--- SOURCE RECORDS ---
--
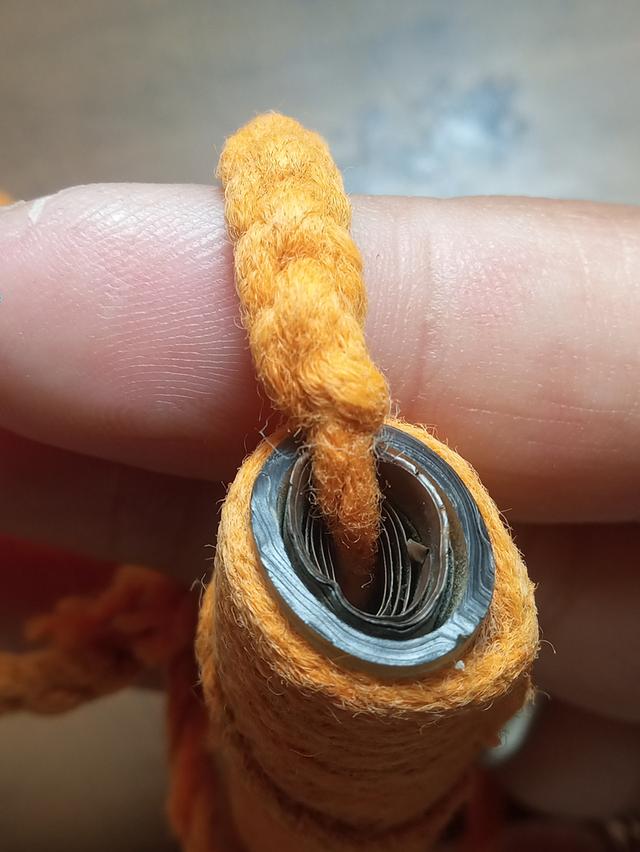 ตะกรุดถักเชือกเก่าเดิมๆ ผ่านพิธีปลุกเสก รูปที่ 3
--
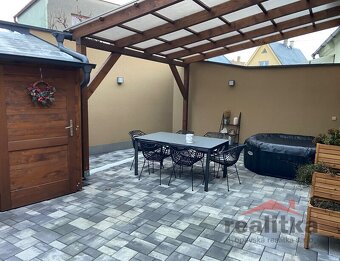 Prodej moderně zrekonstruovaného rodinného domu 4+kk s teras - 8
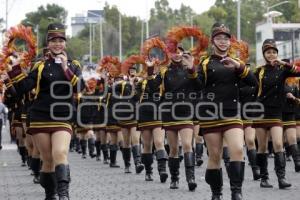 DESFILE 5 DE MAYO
--
--- TASK GOAL ---
If a picture sits between the line containing "Prodej moderně zrekonstruovaného" and the line containing "DESFILE 5 DE MAYO", leave it out, and return the lines of that range above exactly, both ends included.

--- OUTPUT FOR THIS TASK ---
 Prodej moderně zrekonstruovaného rodinného domu 4+kk s teras - 8
 DESFILE 5 DE MAYO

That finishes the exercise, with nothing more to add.